How is my score calculated?
Your credit score is determined by the information that's included in your credit report. If you're determined to improve your credit history, keep in mind that the following information impacts your score:
- Your personal information. Your age, how long you've been employed and the time you've been at your current address is used to calculate your risk.
- Age of your credit report. The length of time your credit report has been active also impacts your credit score.
- Type of credit providers. The types of credit and providers you've applied for and held accounts with will also impact your score. For instance, if you've held an account with a bank it will carry a different level of risk than a store finance provider.
- What credit you've held and the credit limit. Your score will largely be determined by the risk associated with the type of credit requested in your loan application. The credit limit or loan amount you request will also determine your credit risk index and affect your final score.
- The number of credit enquiries listed on your file. Any time you make an application for a loan, credit card or utility account, it will be added to your credit file. Frequent applications for credit raise your risk index and lower your credit score.

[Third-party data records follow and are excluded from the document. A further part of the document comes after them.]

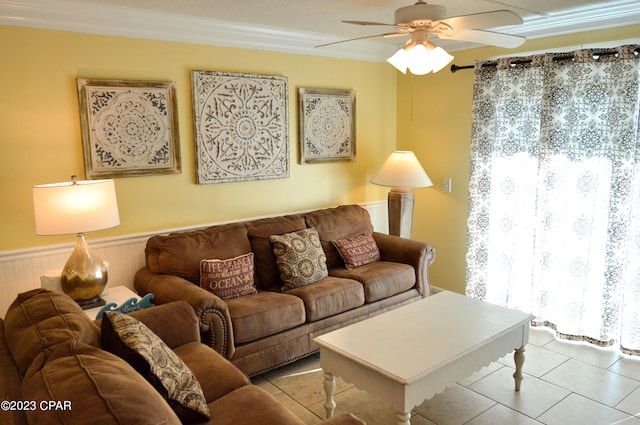 tiled living room with ceiling fan, ornamental molding, and wood walls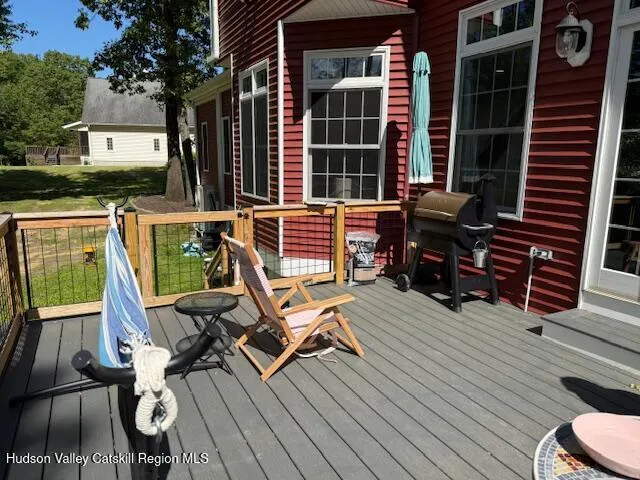 a view of a chairs and table in the balcony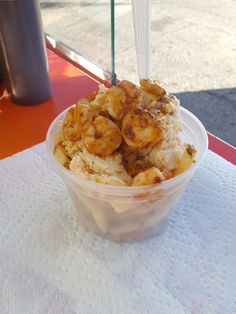 a plastic container filled with food on top of a white tablecloth next to a window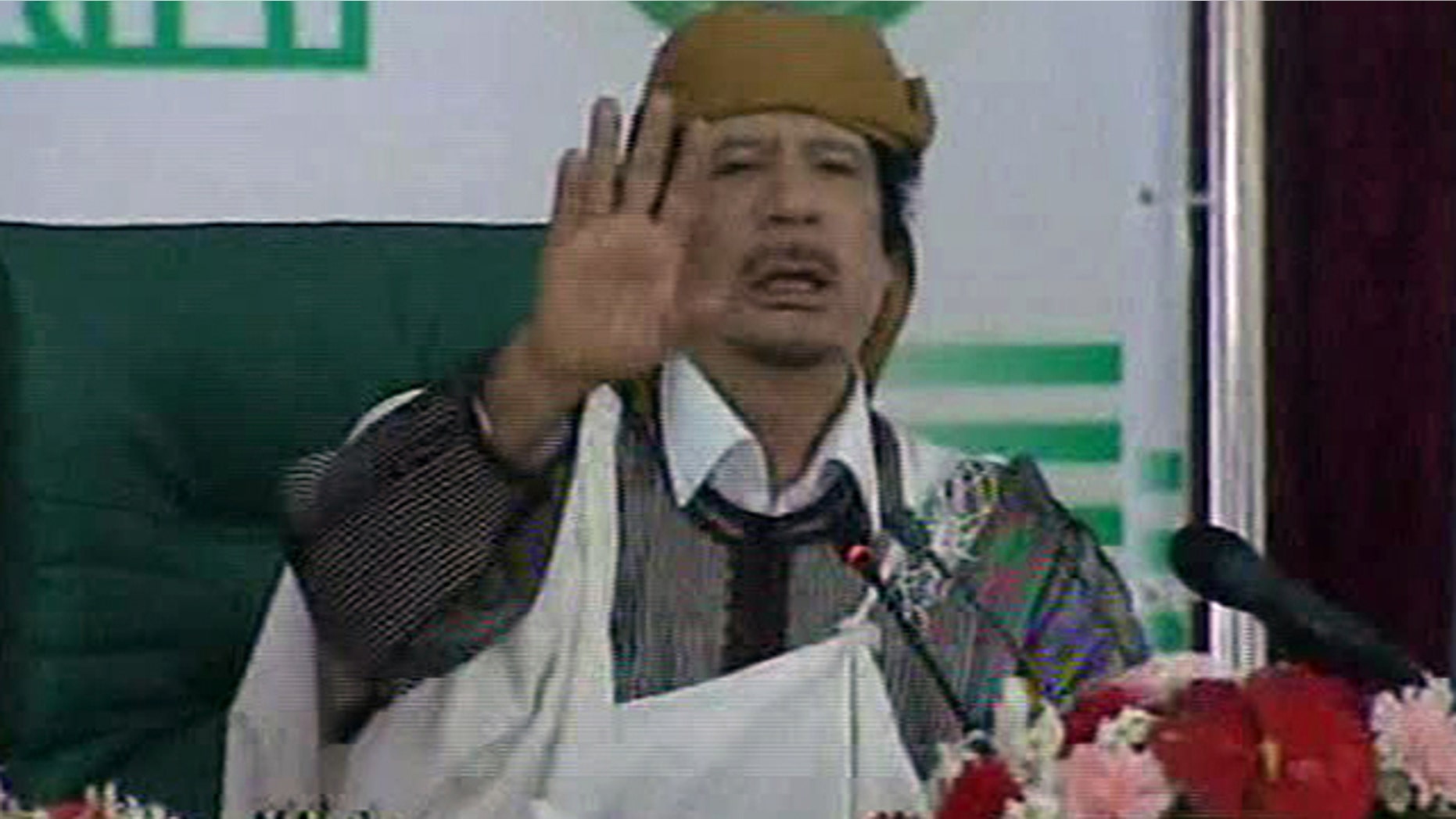 March 2: This video image taken from Libyan state television broadcast shows Libyan leader Muammar al-Qaddafi addressing supporters and journalists in Tripoli, Libya.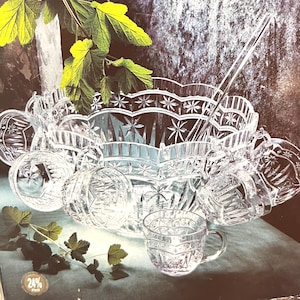 May include: A clear glass punch bowl set featuring a large scalloped bowl with starburst patterns, a matching ladle, and several small handled cups. The set includes a circular seal on the base indicating 24% lead content in the glass material.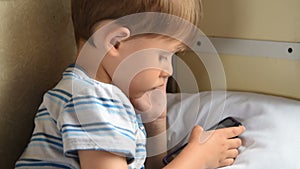 Boy playing cellphone games in train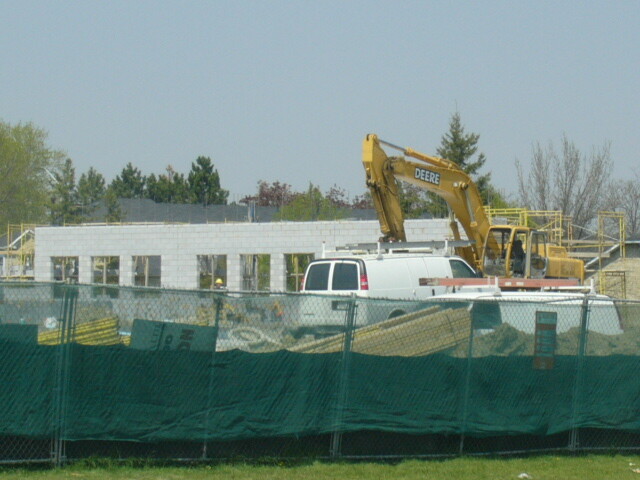 Picture of a building with construction equipment in front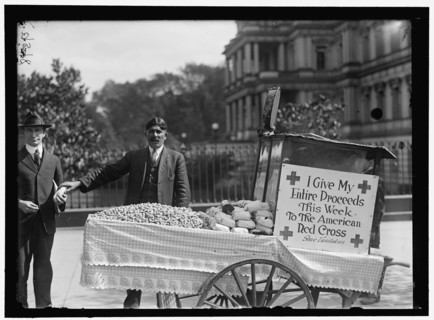 Peanut vendor Steve Vasilakas standing near his cart..., between 1916 and 1918. Creator: Harris & Ewing.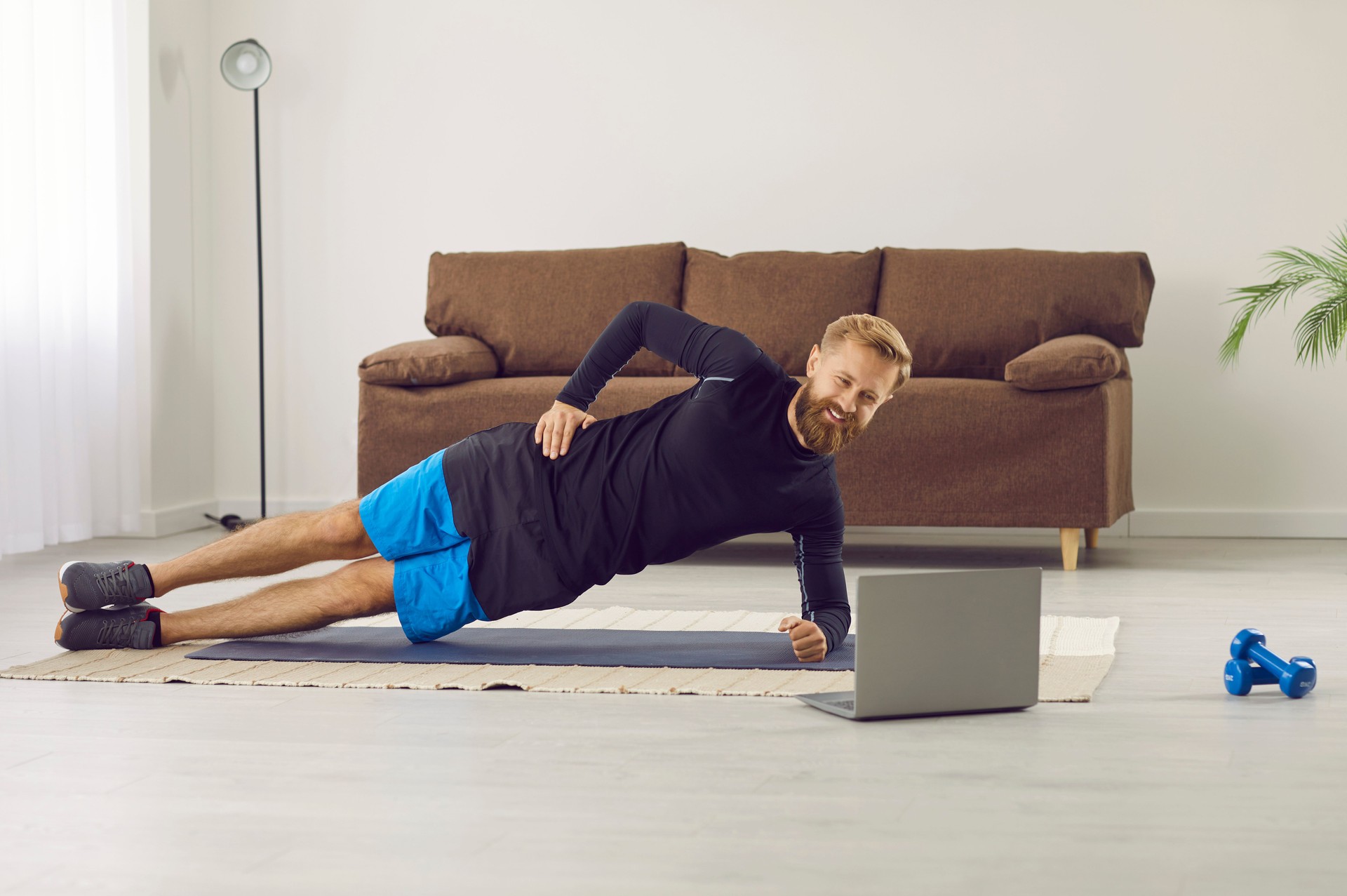 Sporty man train online using computer gadget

- The pattern of your credit enquiries and shopping over time. Many credit enquiries within a short period of time may be a red flag to lenders. Defaults and other serious infringements in your credit history also affect your score negatively.
- Default information. If you have overdue debts, serious credit infringements or clearouts it will negatively impact your credit score.
- Court writs and judgements. Any listing indicating a court writ or default judgement will decrease your credit score as it's an indicator of increased risk.
Checking your credit score and report are the first steps to getting your finances back on track. If you do have a low score, there are some simple steps that you can follow to improve it. It's important to do this and build up your credit before you apply for any new loans or credit products, otherwise any rejected applications will further hurt your score.